[_CD4_]<dragon>Documentation>MemoryController.tioga!2

MemoryController.tioga

Last Edited by: Gasbarro June 10, 1986 6:58:50 pm PDT

Dragon Memory Controller Specification

Jim Gasbarro

Abstract: This document describes a strawman for the main memory system of the June '87 Dragon.

Created by: Jim Gasbarro

Keywords: Dragon, Memory, RAM, Error Correction

XEROX Xerox Corporation
Palo Alto Research Center
3333 Coyote Hill Road
Palo Alto, California 94304

For Internal Xerox Use Only

1. Memory Control

Performance Goals

The majority of bus cycles will consist of Read Block operations. If necessary, the memory controller should be tuned to respond to these operations at the expense of other types of bus commands. Most of this document deals with the tradeoffs involved in delivering read data in minimum time.

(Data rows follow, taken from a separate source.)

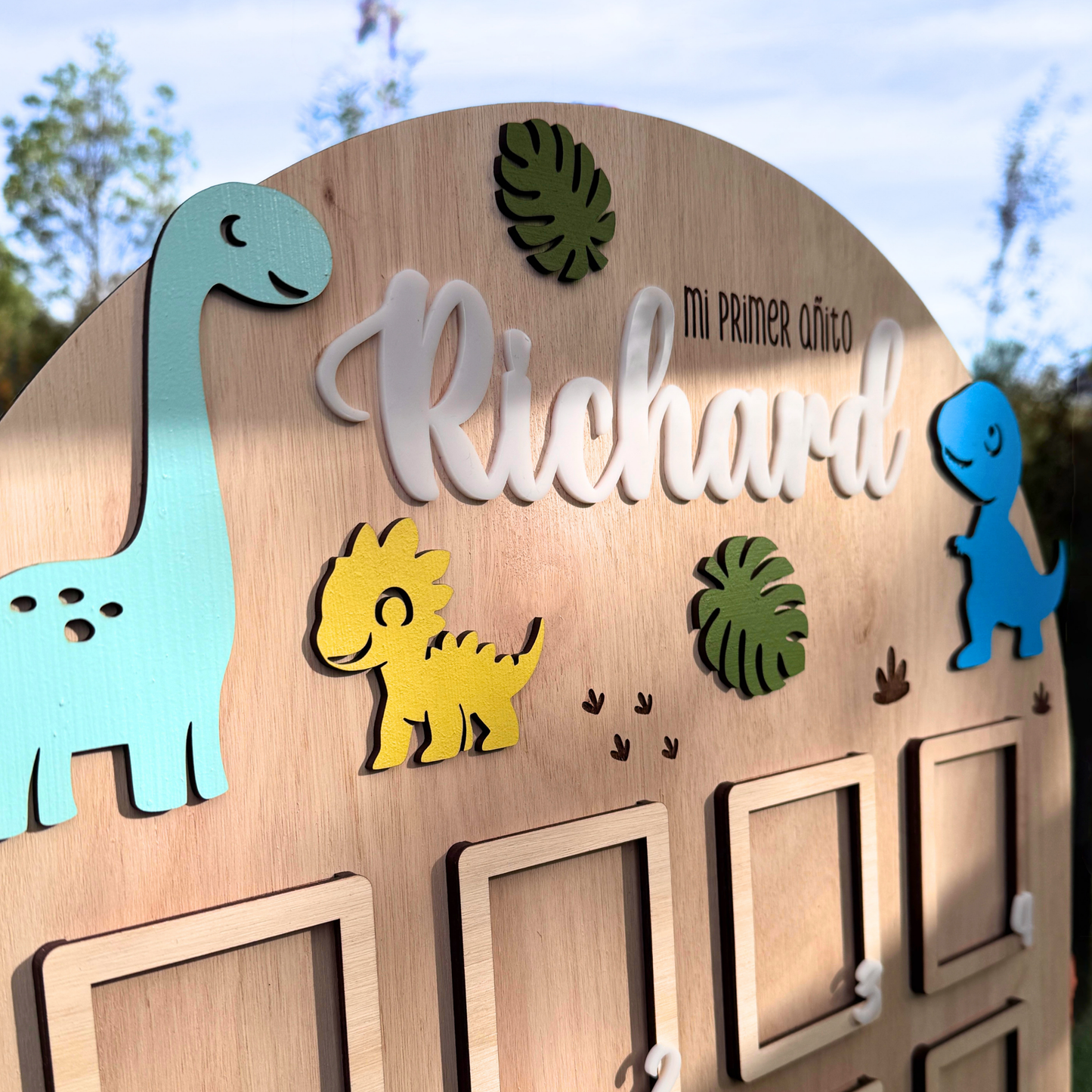 Cuadro Mi Primer Año Dinosaurios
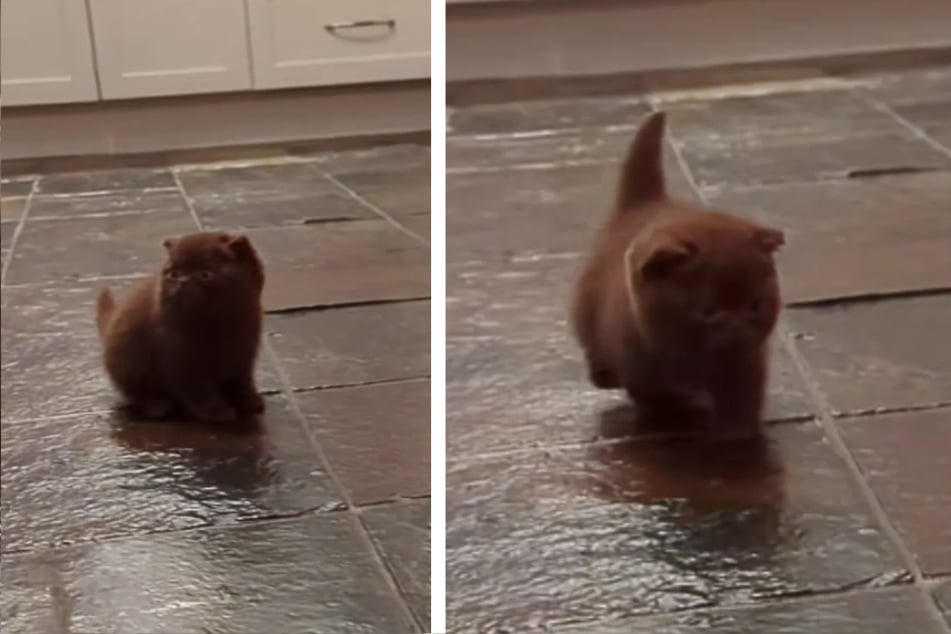 Kitten born with rare disorder learns to walk in heartmelting video: "He proved them wrong"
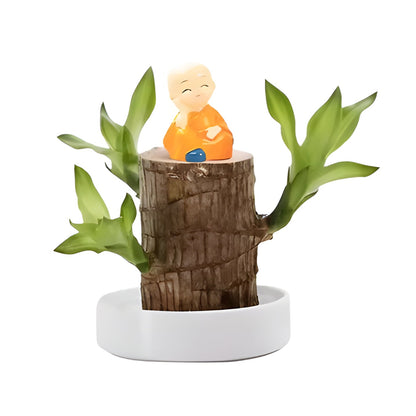 Lucky Wood Plant with Low Water Needs for Desks and Shelves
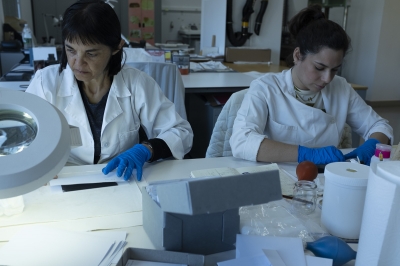 Conserva&ccedil;&atilde;o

Page Mode vs. Nibble Mode Access

When accessing a bit in a DRAM the row and column address are strobed into the chip sequentially using the Row Address Strobe (RAS) and Column Address Strobe (CAS) lines. Once both RAS and CAS have been asserted the user has the option of deasserting and reasserting CAS to initiate another RAM cycle. The details of what happens during this second cycle depend on whether the RAM is of the page or nibble mode variety. If the RAM uses page mode access the value of the Address lines is used to access a new column of the RAM. Thus, any bit in the "page" (i.e. same row address) can be accessed without going through the RAS portion of the cycle. In nibble mode, the address during subsequent CAS cycles is ignored and the next data in sequence is delivered. The data sequence is determined by a wrap-around count of the low order bits of the initial CAS address. Most nibble mode RAMs use the low two bits for nibble mode address providing fast nibble mode access to four bits.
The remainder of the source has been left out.